Was Sean Evans macht, das sieht selten elegant aus. Aber auch der amerikanische Arbeiter hatte am Sonntag mit sieben Punkten, vier Rebounds und zwei Korbvorlagen seinen Anteil daran, dass es für Ulm noch zum Sieg gegen Crailsheim reichte.
Foto: Horst Hörger

Niederlage gegen Bonn und ein mühsamer Sieg in der Verlängerung gegen Crailsheim. Zudem hat sich ein weiterer wichtiger Spieler wohl schwer verletzt.

Ratiopharm Ulm bleibt in der Basketball-Bundesliga dabei im Kampf um Tabellenplatz vier und damit das Heimrecht im Viertelfinale der Play-offs. Ihr erstes Heimspiel an diesem Wochenende gegen Tabellenführer Bonn verloren die Ulmer zwar mit 74:85, das zweite gewannen sie aber gegen den württembergischen Rivalen Crailsheim mit 100:90 nach Verlängerung.

Allerdings gehen Ratiopharm Ulm zum Ende der Hauptrunde hin die Spieler aus.
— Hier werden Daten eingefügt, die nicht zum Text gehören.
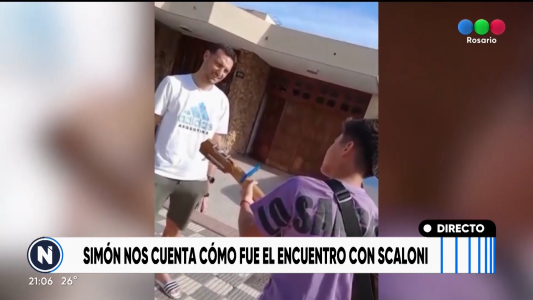 Simón le cantó una chacarera a Scaloni y cumplió su sueño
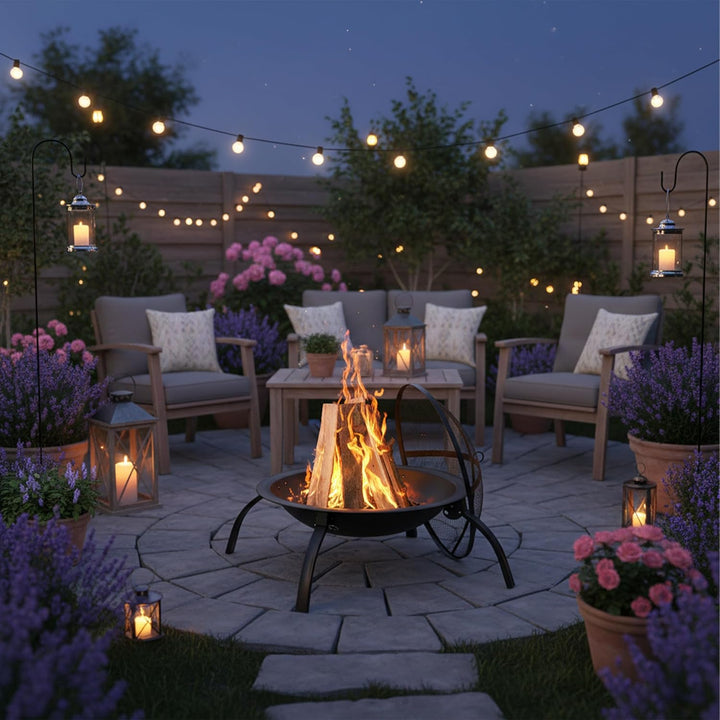 Relaxdays XL Feuerschale, Grill Rost, Schürhaken, Funkenschutz Deckel, Garten, Terrasse, Feuerstelle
Cristiano Felicio ist sowieso raus und Philipp Herkenhoff geht wegen seiner Knieverletzung derzeit an Krücken. Eine Rückkehr noch in dieser Saison ist kaum vorstellbar. Gegen Bonn erwischte es dann auch noch Karim Jallow und damit einen Mann, der zur Not auf den großen (Problem-)Positionen aushelfen kann. Kurz vor der Halbzeit ging der Nationalspieler ohne erkennbaren Einfluss eines Gegenspielers zu Boden und krümmte sich vor Schmerzen. Jallow wurde mit Handtüchern vor neugierigen Blicken abgeschirmt und lange an der lädierten Schulter behandelt. Irgendwann schleppte er sich dann zwar selbst vom Feld, aber Jallow kam nicht zurück und er war am Sonntag gegen Crailsheim nicht im Kader. Auch für ihn könnte es das gewesen sein in dieser Saison.

Nach einem Dreier von Jaron Blossomgame aus etwa acht Metern führte Ulm dennoch im Derby gegen personell ebenfalls geschwächte Crailsheimer bereits im ersten Viertel zweistellig (28:19). Überhaupt funktionierte es von draußen zunächst ganz prima. Nachdem die Gäste sich zwischendurch ein bisschen rangepirscht hatten, stellten Thomas Klepeisz und wieder Blossomgame mit ihren Dreiern auf 45:29 und das roch schon vor der Mitte des zweiten Viertels nach einer Entscheidung. Mit der wollten sich die um die Teilnahme an den Play-offs kämpfenden Crailsheimer aber natürlich noch nicht abfinden und verkürzten den Rückstand auf sieben Punkte. Ein Dreier von Per Günther zur Pausenführung von 57:44 sorgte wieder für allerdings erneut nur scheinbar klare Verhältnisse. Crailsheim startete nämlich mit einem 10:0-Lauf in die zweite Halbzeit und der vermeintlich so klare Ulmer Vorsprung war auf drei Pünktchen geschmolzen. Die Führung hielt zwar bis zum 77:71 vor dem letzten Viertel, aber nicht sehr viel länger. Kurz vor dem Ende hatte Crailsheim die Partie gedreht und lag seinerseits mit 86:81 vorne. Nico Bretzel rettete seine Ulmer mit einem Korbleger 13 Sekunden vor dem Ende der regulären Spielzeit wenigstens in die Verlängerung. Zuvor war in Halbzeit zwei bei Ulm vorne fast nichts gegangen, jetzt hatte Crailsheim Probleme in der Offensive. Neun Punkte der Ulmer nacheinander zum Start in diese Zusatzschicht und sie hatten dieses Spiel mit Hängen und Würgen zu einem erfolgreichen Ende gebracht.

Dass die Ulmer am Freitag gegen Bonn verloren, das lag nicht nur an der Klasse des Tabellenführers und an dessen 17 Dreiern. Sondern auch daran, dass etwa der sonst aus der Mitteldistanz so sichere Semaj Christon nur einen seiner elf Würfe aus dem Zweierbereich traf. Auch insgesamt wirkte die Ulmer Mannschaft nach dem großen Kampf in Bologna und dem unglücklichen Aus im Viertelfinale des Eurocups körperlich und mental platt.